Chapter 1 - Reflecting
I've done it!
I thought to myself when sitting down on the edge of my bed for the last time, looking around the room at my childhood bedroom. Oh, the stories these walls could tell. Thank goodness they are just walls and cannot talk. Coming from a well-known family, they've prided themselves on being in the limelight of social situations. Their friends and family would not understand the life I had chosen to live merely because they didn't understand.
They didn't understand how one young man could have changed my entire perspective on life. I no longer wanted to join friends and family at the yacht club. I was too focused on his whereabouts, his needs, his feelings, heck, his safety even. Somehow, I have managed to lose who I am entirely and become so wrapped up in David Davendinko's persona.

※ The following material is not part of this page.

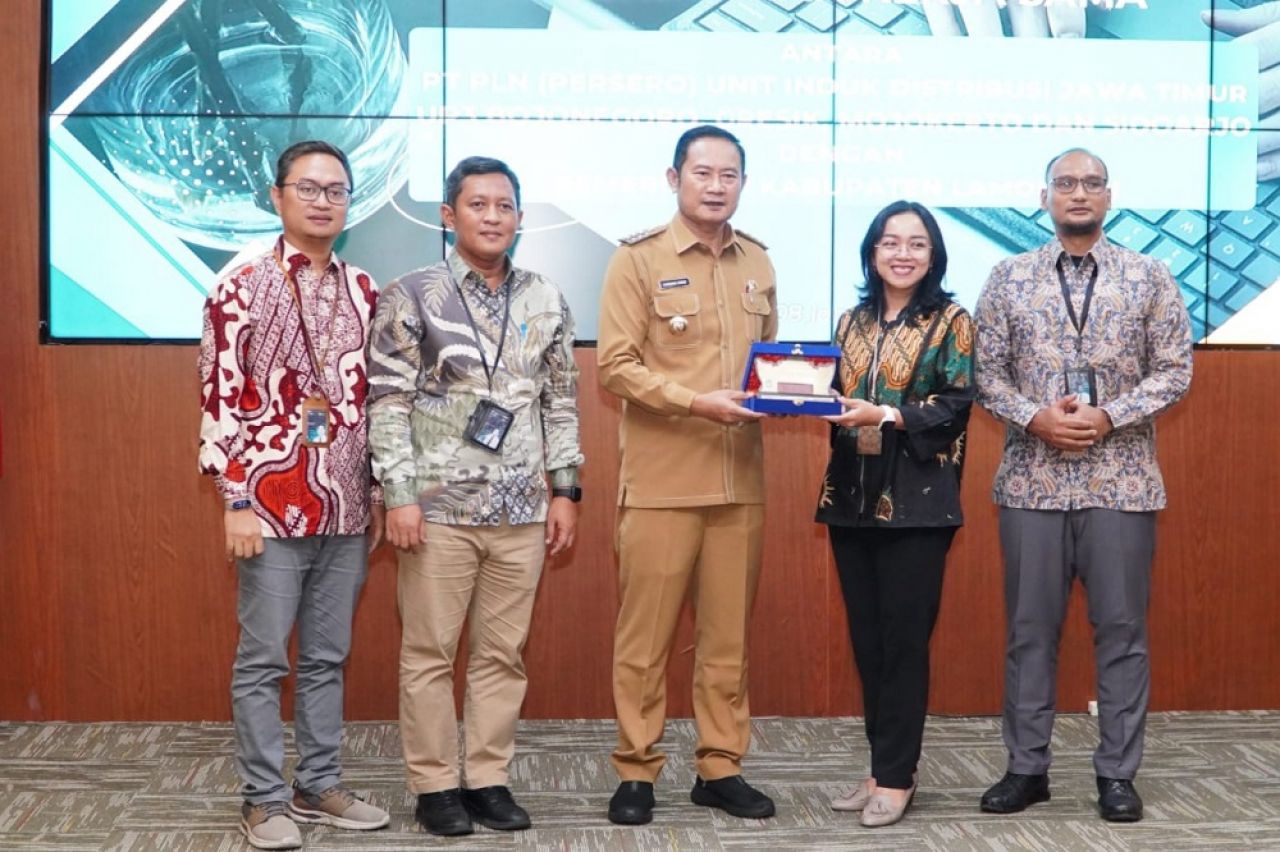 Teken MoU dengan PLN, Pemkab Lamongan Konsen ke PJU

I have lost the last four years of my life to him, now barely hanging on by a thread.
How did it get this bad?
We went from a new relationship, young and in love, to a violent tycoon of a power couple. David and I were now some of the largest bosses in the region. It only ever meant to be a means to party; coordinating dime bags from friend to friend, but then business kept growing. Along the way though, David became obsessed with power and greed. Killing and hurting others became too much of the normal, adding power and gangs along the way; he was no longer my love, he was a monster.
I got up from my bed and walked over to my floor-length mirror. My hair, golden curls, swept just right down over my shoulders, giving me the perfect framing around my face. Leaving my hair down, draws attention away from the scars that lined my pale porcelain cheeks. I avoid tanning. Keeping my skin as light as possible helps hide the scars I have acquired. They are not something I am exactly proud of. As I stare into my gray eyes, all I can see is hollow emptiness. David just wasn't a monster. I had become a monster too. Their monster.
Pulling my arm back, I reached out swinging, smashing the mirror - letting out a gut-curling scream.
Knowing I was about to hurt them all, I grabbed the backpack I had by the door and headed out. Ignoring the blood running down my hand, I headed for the car. This was it, my one chance to leave, to start over, to create a new identity. I backed out of the driveway, took one last look at my home, and took off.
I did it. I made it out.
But now what?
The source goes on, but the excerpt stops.